Community solar typically involves a customer subscribing to a portion of an off-site solar facility’s generating capacity, receiving credits on their utility bills for the electricity produced by the facility.

Wood Mackenzie forecasts that 7.3 GW of community solar will be installed through 2029, bringing the cumulative total to over 14 GW that year. The firm forecasts a national growth rate of 5% through 2026 and an 11% contraction through 2029.

Image: Wood Mackenzie

The U.S. community solar market has tripled in size since 2020, but growth is beginning to slow in existing state markets, said Wood Mackenzie.

“Additionally, the May 2024 decision on California community solar resulted in a significant 14% reduction to Wood Mackenzie’s five-year national outlook. Without a major market entrant like California, long-term community solar growth will largely depend on the enactment of legislation to enable new state markets,” said Caitlin Connolly, senior research analyst at Wood Mackenzie, and lead author of the report.

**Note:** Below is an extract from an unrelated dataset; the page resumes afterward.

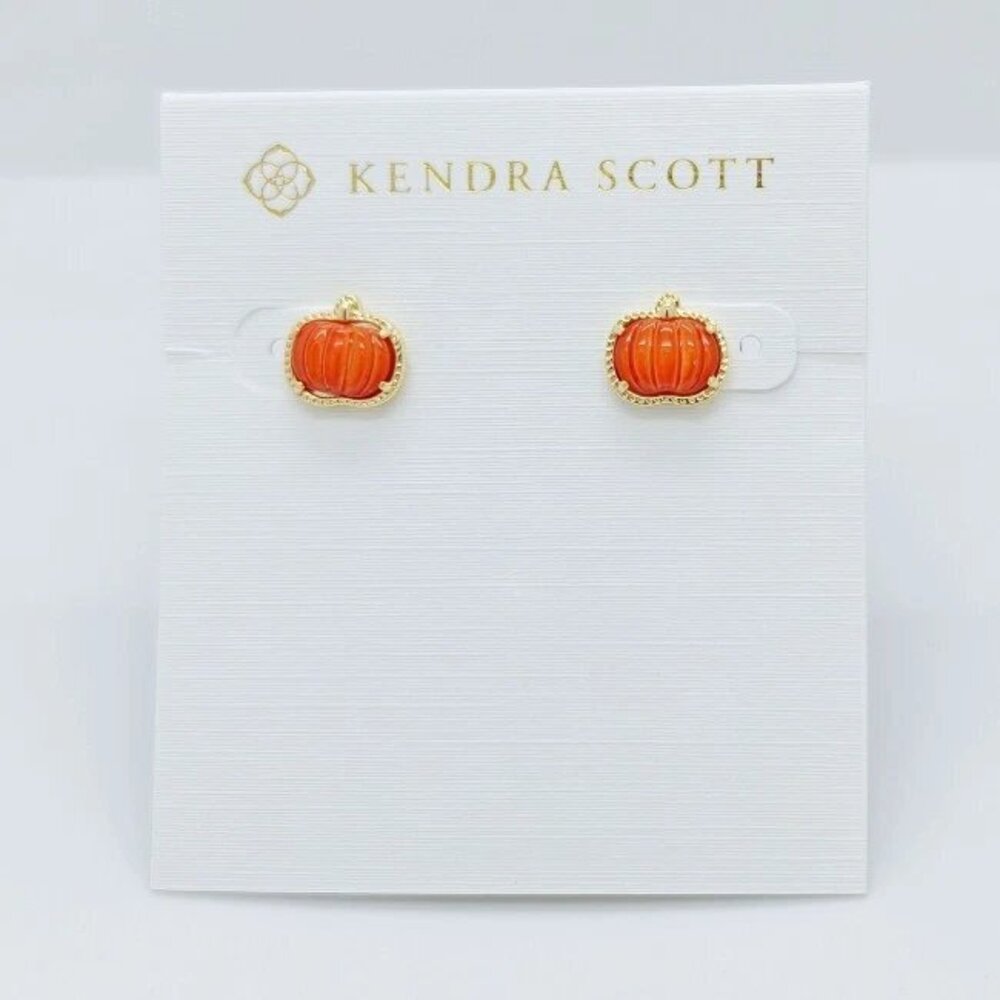 Kendra Scott Pumpkin Gold Stud Earrings In Orange Shell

Under a bull case forecast, the firm’s expectation increases by 21% in existing markets, while the bear case projects a potential 20% decrease. These alternative scenarios do not account for the establishment of new state markets, such as Ohio, Pennsylvania, Michigan, and Wisconsin – all of which have significant interest and pre-development project pipelines. These markets would result in at least a 17% increase from the base forecast, reaching 17.1 GW installed in 2029, said Wood Mackenzie.

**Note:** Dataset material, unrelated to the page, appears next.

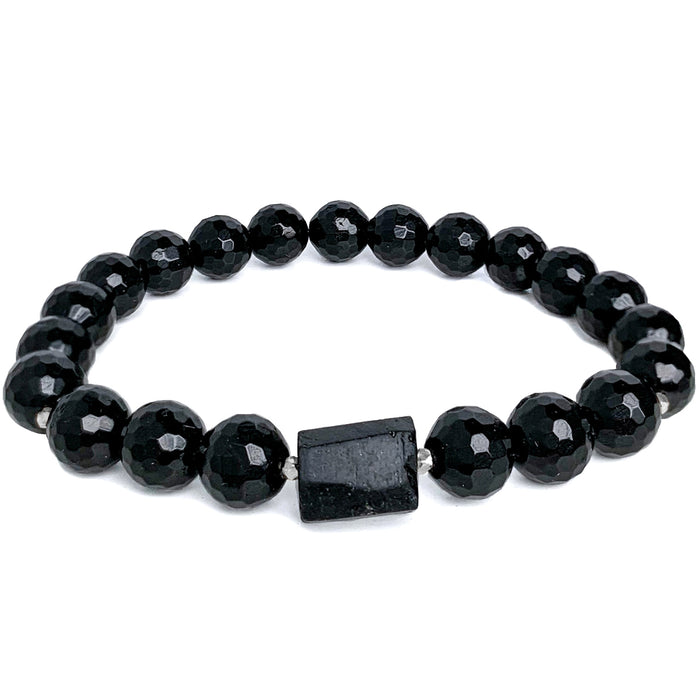 Buy REBUY Black Tourmaline Stone Bracelet For Both Men & Women | Reiki  Crystal Healing Bracelet Help To Protect Against Negative Energy | 8mm Bead  size, Pack of 1 at Amazon.in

Community solar developers are continuing to navigate federal incentives.

“The fruits of the Inflation Reduction Act are numerous but difficult to count on,” said Connolly. “Community solar stakeholders are navigating a steep learning curve while trying to secure tax credit adders. In addition, awards from the $7 billion ‘Solar for All’ fund were announced in April 2024. Final implementation plans are not confirmed but developers hope to utilize federal funds to expand into new state markets even in the absence of official state programs.”

Wood Mackenzie expects 3.6 GW of community solar will serve low- to moderate-income households by 2029. Currently, about 829 MW of community solar serves LMI customers.

“The share of community solar capacity serving LMI subscribers grew from 2% in H2 2022 to 12% in H1 2024,” said the report. “Given the availability of the LMI tax credit adder, Solar for All funding, and evolution of state-level LMI requirements, the share of community solar dedicated to LMI subscribers will grow to nearly 25% by 2025.”

The top three community solar subscription managers cover 56% of subscribers an 71% of LMI subscribers. LMI subscribers remain the most costly to acquire with costs averaging $113 per kilowatt, 27% higher than the average cost to require non-LMI residential subscribers, said Wood Mackenzie.